Explainability | KoraSafe™ developers

Human oversight of consequential AI decisions is meaningless without explainability. A reviewer staring at a black-box output cannot effectively override it. Explainability tooling bridges the gap: it surfaces which inputs drove the decision and what would have flipped it, giving reviewers the context to act. Requirements for explainability appear across multiple frameworks, including GDPR Article 22, FCRA adverse-action notice obligations, and human oversight requirements that apply to consequential AI.

Pick SHAP for tabular models

Fastest and most accurate for tree-based models (GBMs, XGBoost, LightGBM, random forests).

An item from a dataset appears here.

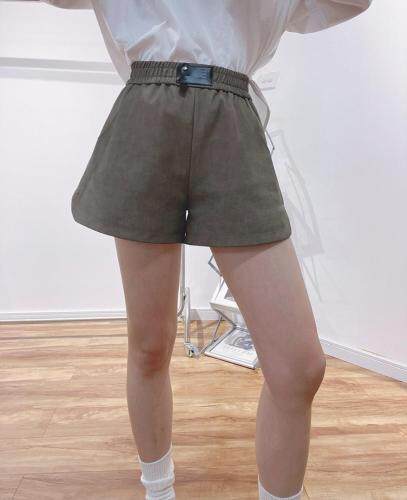 新款皮短裤，其它，HEY.KK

Exact for linear models. Use TreeExplainer or LinearExplainer depending on model type.

Pick LIME for non-tree models

Model-agnostic: works on neural nets, SVMs, text classifiers, and image classifiers. Slower than SHAP, but handles model families SHAP does not support efficiently.

Pick counterfactuals for adverse actions

The preferred format for customer-facing explanations. Answers "what would have flipped the decision?" rather than "which feature contributed most?" Aligns with FCRA adverse-action notice structure.

All three scripts output the same CSV format: subgroup_category, subgroup_value, metric, value. Import the file at Compliance > Bias Testing > Import CSV.

Tabular models

SHAP for tabular classification

Decomposes a model's output into per-feature contributions using Shapley values. Positive values push toward the predicted class; negative values push away. Aggregated by subgroup to surface disparate feature influence across protected attributes.

pip install shap scikit-learn pandas numpy

shap-quickstart.py

import shap
import pandas as pd
import numpy as np
import csv, pathlib
from sklearn.ensemble import GradientBoostingClassifier

# --- Replace with your model and data ---
FEATURE_NAMES = ["credit_score", "debt_to_income", "employment_length_years"]
PROTECTED_ATTRIBUTE = "age_group"
SUBGROUP_VALUES = ["18-34", "35-54", "55+"]
# model = your_trained_model
# X_test = your_test_dataframe[FEATURE_NAMES]
# X with PROTECTED_ATTRIBUTE column must be available

# Compute SHAP values
explainer = shap.TreeExplainer(model)
shap_values = explainer.shap_values(X_test)
shap_df = pd.DataFrame(shap_values, columns=FEATURE_NAMES)
shap_df[PROTECTED_ATTRIBUTE] = X.loc[X_test.index, PROTECTED_ATTRIBUTE].values

# Aggregate by subgroup
rows = []
for subgroup_value in SUBGROUP_VALUES:
    mask = shap_df[PROTECTED_ATTRIBUTE] == subgroup_value
    subset = shap_df[mask][FEATURE_NAMES]
    for feature in FEATURE_NAMES:
        rows.append({
            "subgroup_category": PROTECTED_ATTRIBUTE,
            "subgroup_value": subgroup_value,
            "metric": feature,
            "value": round(float(subset[feature].abs().mean()), 6),
        })

# Write CSV
output_path = pathlib.Path("shap_bias_testing.csv")
with output_path.open("w", newline="") as f:
    writer = csv.DictWriter(f, fieldnames=["subgroup_category", "subgroup_value", "metric", "value"])
    writer.writeheader()
    writer.writerows(rows)
print(f"Written {len(rows)} rows to {output_path}")

Output format

subgroup_category, subgroup_value, metric, value

Mean absolute SHAP value per (subgroup, feature) pair. Higher values indicate that feature drove the decision more strongly for that subgroup. Import at Compliance > Bias Testing > Import CSV.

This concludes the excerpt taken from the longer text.